Она помогла мне усесться на табурет возле теплой печи и, посмотрев на мою одежду и сапоги, захлопотала возле меня, горестно приговаривая:

— Ой, лышенько мое! Роздягайся, хлопэць. Давай допомогу. Трэба усэ сушиты. А ты покы лягай, поспы.

Кажется, я возражал, бормоча, что мне надо спешить к машине, которая осталась в поле, что меня ждет больной товарищ и мне бы чуть-чуть передохнуть да идти назад, но глаза мои закрывались сами собой, и женщина, не слушая меня, проворно стянула с моих ног пудовые от налипшего чернозема сапоги, помогла мне вылезти из заледеневших доспехов, с которых в тепле потекла на пол вода. Ноги у меня словно чужие, и с помощью хозяйки я делаю три шага до топчана, стоящего вдоль стены напротив печи.
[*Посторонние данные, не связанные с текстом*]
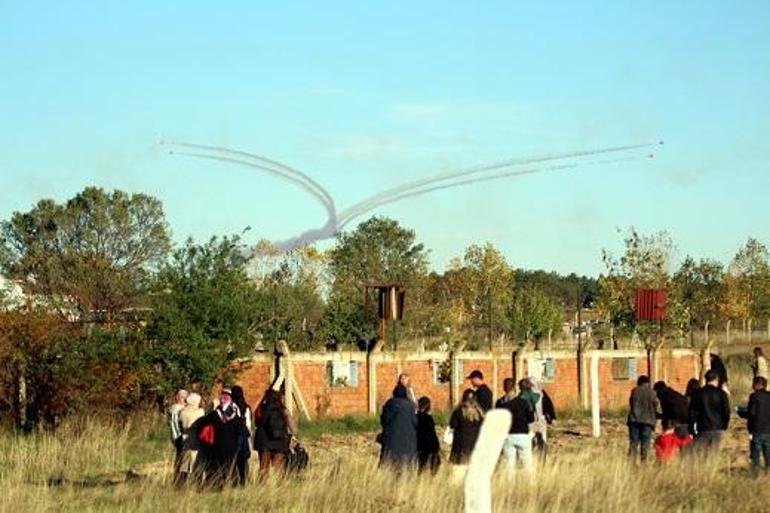 Kırklareli’de Türk Yıldızları’nın gösterisi nefes kesti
Пересохшим, непослушным языком прошу у хозяйки воды и, с жадностью осушив целый ковш, валюсь на спину, сжимая в правой руке корж, который успела мне сунуть добрая женщина. Есть совсем не хочется, вернее, просто сил нет. Откусив раз, медленно жую, не ощущая вкуса, и тотчас засыпаю как убитый.
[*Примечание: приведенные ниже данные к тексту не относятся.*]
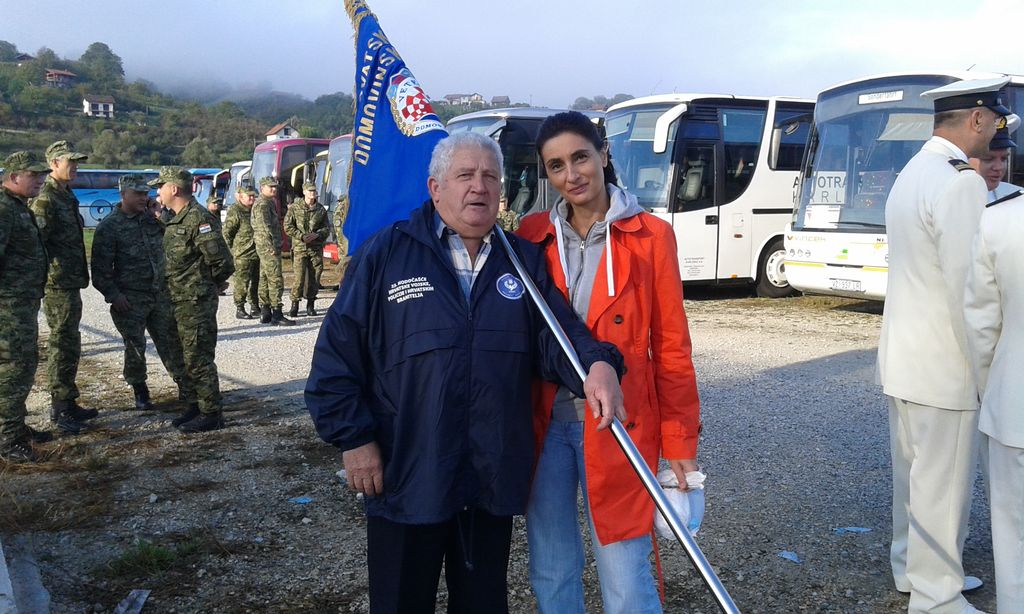 20151004085927206125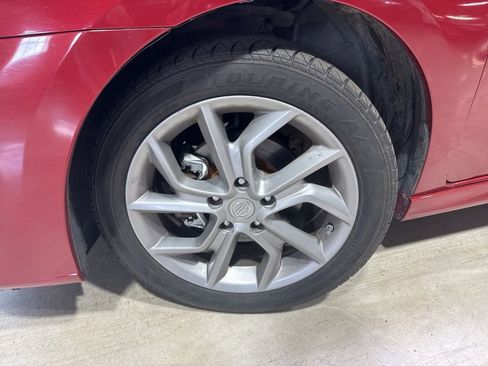 Used 2013 Nissan Sentra SR w/ Driver Pkg image 2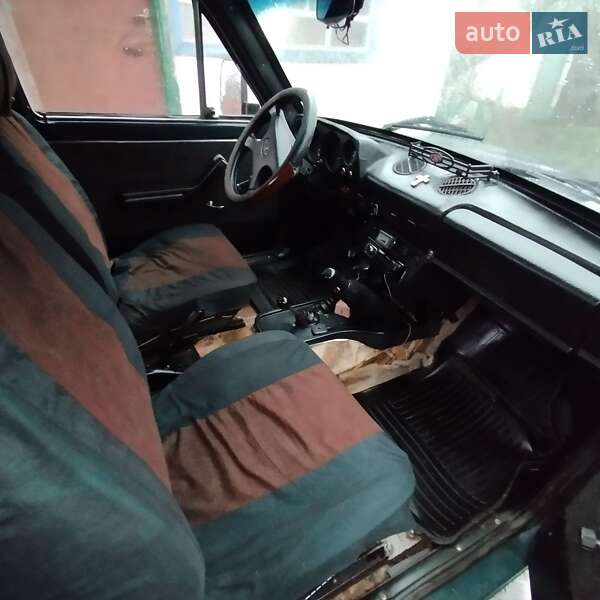 Внедорожник / Кроссовер ВАЗ / Lada 2121 Нива 1981 в Чернобае фото 6 Внедорожник / Кроссовер ВАЗ / Lada 2121 Нива 1981 в Чернобае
Пробуждаюсь словно от внезапного крепкого толчка. В хате уже светло: в оконце заглядывает веселое солнце. Лежу, как сон застал, на спине, рука с надкушенным коржиком-колобком — на груди. Гимнастерка осыпана черными маковыми зернышками. Проспал целых три часа! На моих танковых — 9.00. При мысли о машине в поле подхватываюсь, но тут же и плюхаюсь [267] задом на топчан: ноги одеревенели, не гнутся; икры больно, и в паху тупая боль.
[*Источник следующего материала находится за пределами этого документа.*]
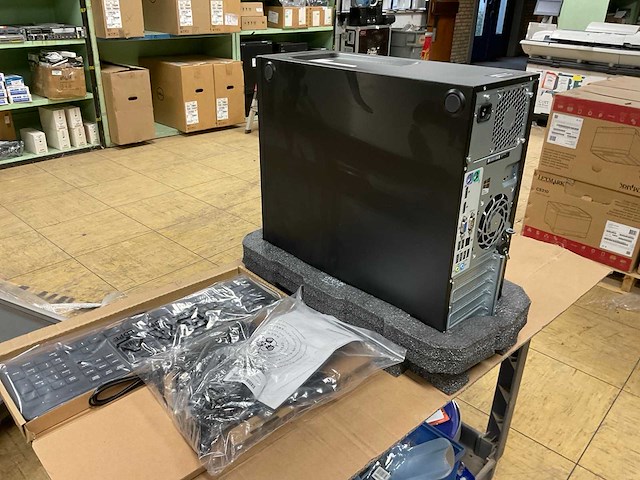 Hp 800 g2 twr desk computer - afbeelding 2 van  6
Тут вошла хозяйка с глечиком в одной и с лепешками в другой руке. При свете дня я разглядел продолговатое лицо с очень правильными и приятными чертами, с пучками тоненьких морщинок вокруг больших серых глаз, которые лучились такой материнской лаской, что казалось, лицо словно светилось. На него хотелось смотреть не отрываясь. Такие глаза бывают, наверное, только у очень душевных людей. В молодости она, должно быть, была красавицей. Наконец я сказал, кто я и почему очутился здесь. Лучше поздно, чем никогда. Пока я торопливо запивал молоком начатый на рассвете корж, она достала из печи мое ватное обмундирование, почти сухое, «ароматно» пахнущие портянки, заскорузлые, темно-серого цвета, с рыжими разводами, и то, что было до восьмичасового ночного блуждания по грязи кирзовыми сапогами. Они тщательно очищены от земли и сухи, но на ноги лезть никак не хотят. Головки сжухлись, а раскисшие от воды и грязи задники уродливо сбились набок и затвердели на горячем поду. Попросив у хозяйки топор, разминаю на пороге свою «ходовую» часть ударами обуха. Невелика жертва — сапоги всмятку. Черт с ними, лишь бы дойти до машины!